# Storing PH meter



## bogwood (5 May 2010)

Im curious what others do, in this respect.
I have had mine for many years, and changed the calibration tip once.
I calibrate it frequently using 4 +7 calibration fluid i usually get off fleabay.
When not in use, i store it  with the sensor stood in water. I was told this stops it drying out and prolongs its life.!!!!!!


----------



## JamesC (5 May 2010)

pH probes should ideally be kept in a 4 Molar Potassium Chloride solution which can also be purchased of fleabay. Never store them in RO or DI water.

James


----------



## Lisa_Perry75 (5 May 2010)

I was always told that letting a pH probe dry out would permanently damage it.

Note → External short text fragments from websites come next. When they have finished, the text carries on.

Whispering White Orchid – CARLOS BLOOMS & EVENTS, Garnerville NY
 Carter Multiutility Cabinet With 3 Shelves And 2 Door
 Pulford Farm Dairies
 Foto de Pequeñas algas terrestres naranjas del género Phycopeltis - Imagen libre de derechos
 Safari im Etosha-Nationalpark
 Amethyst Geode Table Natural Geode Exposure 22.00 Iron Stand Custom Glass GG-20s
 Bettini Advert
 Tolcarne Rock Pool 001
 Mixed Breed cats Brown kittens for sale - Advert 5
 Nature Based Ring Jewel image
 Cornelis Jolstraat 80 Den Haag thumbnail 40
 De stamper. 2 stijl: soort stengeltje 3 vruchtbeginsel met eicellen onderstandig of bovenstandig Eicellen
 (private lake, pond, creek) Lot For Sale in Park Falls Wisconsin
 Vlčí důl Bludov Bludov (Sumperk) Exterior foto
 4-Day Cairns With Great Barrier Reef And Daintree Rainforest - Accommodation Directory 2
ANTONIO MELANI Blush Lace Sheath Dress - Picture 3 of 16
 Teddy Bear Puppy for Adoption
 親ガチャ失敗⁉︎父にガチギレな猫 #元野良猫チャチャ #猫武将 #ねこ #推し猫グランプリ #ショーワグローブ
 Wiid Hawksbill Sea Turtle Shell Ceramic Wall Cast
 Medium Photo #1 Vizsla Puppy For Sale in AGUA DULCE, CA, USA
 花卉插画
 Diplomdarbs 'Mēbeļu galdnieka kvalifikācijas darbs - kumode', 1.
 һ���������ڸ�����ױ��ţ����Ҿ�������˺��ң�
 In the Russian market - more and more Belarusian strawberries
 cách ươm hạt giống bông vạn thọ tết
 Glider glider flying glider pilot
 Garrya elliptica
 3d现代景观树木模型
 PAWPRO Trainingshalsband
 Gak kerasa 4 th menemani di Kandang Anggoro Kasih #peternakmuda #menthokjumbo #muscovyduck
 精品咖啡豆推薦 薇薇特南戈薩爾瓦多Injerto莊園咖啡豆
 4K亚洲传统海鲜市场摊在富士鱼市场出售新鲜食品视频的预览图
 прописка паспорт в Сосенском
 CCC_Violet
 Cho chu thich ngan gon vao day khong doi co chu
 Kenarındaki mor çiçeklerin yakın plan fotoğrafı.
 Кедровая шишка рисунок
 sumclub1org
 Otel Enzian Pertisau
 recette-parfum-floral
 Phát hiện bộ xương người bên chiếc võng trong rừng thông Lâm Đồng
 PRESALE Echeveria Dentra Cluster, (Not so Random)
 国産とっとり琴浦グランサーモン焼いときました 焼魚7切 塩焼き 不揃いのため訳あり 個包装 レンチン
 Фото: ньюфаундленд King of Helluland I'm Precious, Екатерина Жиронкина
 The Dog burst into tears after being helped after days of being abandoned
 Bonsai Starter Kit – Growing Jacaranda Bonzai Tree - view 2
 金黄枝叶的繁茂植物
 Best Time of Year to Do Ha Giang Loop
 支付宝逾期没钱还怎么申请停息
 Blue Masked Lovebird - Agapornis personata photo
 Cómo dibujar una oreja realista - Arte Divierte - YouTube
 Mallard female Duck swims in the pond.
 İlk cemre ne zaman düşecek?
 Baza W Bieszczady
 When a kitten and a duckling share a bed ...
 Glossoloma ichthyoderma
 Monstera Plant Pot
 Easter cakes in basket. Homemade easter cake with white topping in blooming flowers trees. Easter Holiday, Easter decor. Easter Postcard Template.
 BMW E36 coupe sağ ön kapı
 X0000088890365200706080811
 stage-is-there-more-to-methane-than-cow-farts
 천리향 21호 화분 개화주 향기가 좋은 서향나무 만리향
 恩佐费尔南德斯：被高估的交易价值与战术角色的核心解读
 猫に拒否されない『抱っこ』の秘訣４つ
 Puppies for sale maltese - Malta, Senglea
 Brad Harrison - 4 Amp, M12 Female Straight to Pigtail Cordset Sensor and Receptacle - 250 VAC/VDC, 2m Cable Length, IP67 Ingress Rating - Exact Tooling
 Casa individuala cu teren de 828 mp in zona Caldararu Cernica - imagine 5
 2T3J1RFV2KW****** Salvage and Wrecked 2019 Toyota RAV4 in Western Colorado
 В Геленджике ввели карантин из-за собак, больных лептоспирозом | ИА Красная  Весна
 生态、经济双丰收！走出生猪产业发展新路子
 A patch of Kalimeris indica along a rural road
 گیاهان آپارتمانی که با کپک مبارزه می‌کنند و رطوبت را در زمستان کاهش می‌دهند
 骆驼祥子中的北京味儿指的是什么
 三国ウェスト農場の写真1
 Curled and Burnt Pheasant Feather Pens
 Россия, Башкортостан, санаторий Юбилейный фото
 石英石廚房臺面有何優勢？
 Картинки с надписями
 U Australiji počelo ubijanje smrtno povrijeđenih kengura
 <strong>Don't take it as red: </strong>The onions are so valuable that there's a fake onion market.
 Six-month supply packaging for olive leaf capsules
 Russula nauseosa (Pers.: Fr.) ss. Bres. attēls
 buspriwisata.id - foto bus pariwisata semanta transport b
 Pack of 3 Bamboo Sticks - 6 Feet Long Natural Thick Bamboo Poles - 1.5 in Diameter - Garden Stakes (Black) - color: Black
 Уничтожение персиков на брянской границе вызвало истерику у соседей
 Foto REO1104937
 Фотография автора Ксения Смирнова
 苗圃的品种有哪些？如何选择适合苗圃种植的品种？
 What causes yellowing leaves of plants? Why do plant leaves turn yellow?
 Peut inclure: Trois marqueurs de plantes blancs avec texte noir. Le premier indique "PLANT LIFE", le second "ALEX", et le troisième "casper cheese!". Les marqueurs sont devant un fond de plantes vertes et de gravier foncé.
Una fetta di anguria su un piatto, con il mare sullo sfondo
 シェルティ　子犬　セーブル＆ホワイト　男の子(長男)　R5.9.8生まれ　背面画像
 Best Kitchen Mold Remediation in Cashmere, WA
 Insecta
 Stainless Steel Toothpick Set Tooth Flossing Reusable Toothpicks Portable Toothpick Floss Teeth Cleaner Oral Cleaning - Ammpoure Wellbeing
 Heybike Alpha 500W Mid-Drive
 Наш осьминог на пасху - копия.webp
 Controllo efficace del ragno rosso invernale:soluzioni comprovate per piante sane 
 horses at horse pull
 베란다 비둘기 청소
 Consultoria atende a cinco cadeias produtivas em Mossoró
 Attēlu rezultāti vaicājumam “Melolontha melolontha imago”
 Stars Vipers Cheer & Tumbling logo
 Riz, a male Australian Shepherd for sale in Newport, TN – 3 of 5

Why is it you aren't supposed to store them in RO of DI water? I always thought this was because the water would grow bugs. But if you changed the water regularly it would be ok? We tend to keep ours in the pH 4 calibration buffer in the lab.


----------



## dw1305 (5 May 2010)

Straight from the manual:


> A wet stored electrode allows an immediate use and a short response time, which is not true for dry stored ones. Unfortunately, the wet stored electrode is aging faster, because the process of aging (changing of the structure in the membrane) proceeds also in the case of non-use. Keeping electrodes wet should preferably be made in KCl solution (3M-4M). Most electrodes have a protective cap that can be filled with storage solution before placing.
> To store pH electrode dry you must first remove internal solution, rinse the electrode in DI/RO water, and let it dry.
> Note that you can't store dry combination electrodes and gel electrodes. In fact electrodes that can be stored dry are getting more and more rare. If electrode is stored wet, don't forget to cover fill hole to prohibit evaporation of reference fill solution. Gel type electrodes can be stored only wet, soaked in the KCl solution (3M-4M). Never store them in DI/RO water.



cheers Darrel


----------



## bogwood (6 May 2010)

Thank you all for the advice.  

Cheers
Alan


----------